(Saved entries)
○ ○ ○ ○ ○

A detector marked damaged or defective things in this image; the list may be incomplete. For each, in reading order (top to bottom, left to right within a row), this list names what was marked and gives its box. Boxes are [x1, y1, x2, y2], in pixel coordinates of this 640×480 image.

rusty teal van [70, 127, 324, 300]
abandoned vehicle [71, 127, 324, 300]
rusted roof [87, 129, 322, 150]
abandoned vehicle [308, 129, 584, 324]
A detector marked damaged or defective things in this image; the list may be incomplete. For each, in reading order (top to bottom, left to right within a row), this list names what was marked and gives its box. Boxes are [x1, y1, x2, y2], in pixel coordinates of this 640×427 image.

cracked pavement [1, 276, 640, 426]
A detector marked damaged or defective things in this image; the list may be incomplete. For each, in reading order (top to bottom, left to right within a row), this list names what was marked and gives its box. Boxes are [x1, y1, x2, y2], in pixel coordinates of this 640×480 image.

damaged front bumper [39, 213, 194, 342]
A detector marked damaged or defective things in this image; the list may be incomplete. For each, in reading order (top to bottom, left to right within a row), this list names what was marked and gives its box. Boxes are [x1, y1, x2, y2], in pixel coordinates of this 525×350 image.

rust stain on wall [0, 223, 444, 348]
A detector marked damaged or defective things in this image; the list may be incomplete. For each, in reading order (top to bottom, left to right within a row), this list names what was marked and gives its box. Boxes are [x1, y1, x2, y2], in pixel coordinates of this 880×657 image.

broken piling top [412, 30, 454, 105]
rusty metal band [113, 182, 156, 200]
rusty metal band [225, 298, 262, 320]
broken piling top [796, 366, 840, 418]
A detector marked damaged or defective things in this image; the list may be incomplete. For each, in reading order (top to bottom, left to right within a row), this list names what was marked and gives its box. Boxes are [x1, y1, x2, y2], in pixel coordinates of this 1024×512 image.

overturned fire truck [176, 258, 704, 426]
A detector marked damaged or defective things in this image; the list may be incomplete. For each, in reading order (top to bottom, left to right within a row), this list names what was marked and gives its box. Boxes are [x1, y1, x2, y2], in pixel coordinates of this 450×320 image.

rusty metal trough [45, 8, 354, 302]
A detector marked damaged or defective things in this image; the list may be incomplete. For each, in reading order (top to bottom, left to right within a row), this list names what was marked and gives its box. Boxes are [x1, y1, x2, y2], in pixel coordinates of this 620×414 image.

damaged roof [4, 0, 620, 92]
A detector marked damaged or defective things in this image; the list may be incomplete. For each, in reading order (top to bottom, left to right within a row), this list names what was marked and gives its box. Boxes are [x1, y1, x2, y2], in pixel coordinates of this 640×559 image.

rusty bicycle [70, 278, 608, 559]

○ ○ ○ ○ ○

* [HOW TO COMPLETE THIS TASK]:
Copy out every record above once more, precisely as written.

* [ANSWER SECTION]:
A detector marked damaged or defective things in this image; the list may be incomplete. For each, in reading order (top to bottom, left to right within a row), this list names what was marked and gives its box. Boxes are [x1, y1, x2, y2], in pixel coordinates of this 640×480 image.

rusty teal van [70, 127, 324, 300]
abandoned vehicle [71, 127, 324, 300]
rusted roof [87, 129, 322, 150]
abandoned vehicle [308, 129, 584, 324]
A detector marked damaged or defective things in this image; the list may be incomplete. For each, in reading order (top to bottom, left to right within a row), this list names what was marked and gives its box. Boxes are [x1, y1, x2, y2], in pixel coordinates of this 640×427 image.

cracked pavement [1, 276, 640, 426]
A detector marked damaged or defective things in this image; the list may be incomplete. For each, in reading order (top to bottom, left to right within a row), this list names what was marked and gives its box. Boxes are [x1, y1, x2, y2], in pixel coordinates of this 640×480 image.

damaged front bumper [39, 213, 194, 342]
A detector marked damaged or defective things in this image; the list may be incomplete. For each, in reading order (top to bottom, left to right within a row), this list names what was marked and gives its box. Boxes are [x1, y1, x2, y2], in pixel coordinates of this 525×350 image.

rust stain on wall [0, 223, 444, 348]
A detector marked damaged or defective things in this image; the list may be incomplete. For each, in reading order (top to bottom, left to right within a row), this list names what was marked and gives its box. Boxes are [x1, y1, x2, y2], in pixel coordinates of this 880×657 image.

broken piling top [412, 30, 454, 105]
rusty metal band [113, 182, 156, 200]
rusty metal band [225, 298, 262, 320]
broken piling top [796, 366, 840, 418]
A detector marked damaged or defective things in this image; the list may be incomplete. For each, in reading order (top to bottom, left to right within a row), this list names what was marked and gives its box. Boxes are [x1, y1, x2, y2], in pixel coordinates of this 1024×512 image.

overturned fire truck [176, 258, 704, 426]
A detector marked damaged or defective things in this image; the list may be incomplete. For each, in reading order (top to bottom, left to right within a row), this list names what was marked and gives its box. Boxes are [x1, y1, x2, y2], in pixel coordinates of this 450×320 image.

rusty metal trough [45, 8, 354, 302]
A detector marked damaged or defective things in this image; the list may be incomplete. For each, in reading order (top to bottom, left to right within a row), this list names what was marked and gives its box. Boxes are [x1, y1, x2, y2], in pixel coordinates of this 620×414 image.

damaged roof [4, 0, 620, 92]
A detector marked damaged or defective things in this image; the list may be incomplete. For each, in reading order (top to bottom, left to right within a row), this list names what was marked and gives its box. Boxes are [x1, y1, x2, y2], in pixel coordinates of this 640×559 image.

rusty bicycle [70, 278, 608, 559]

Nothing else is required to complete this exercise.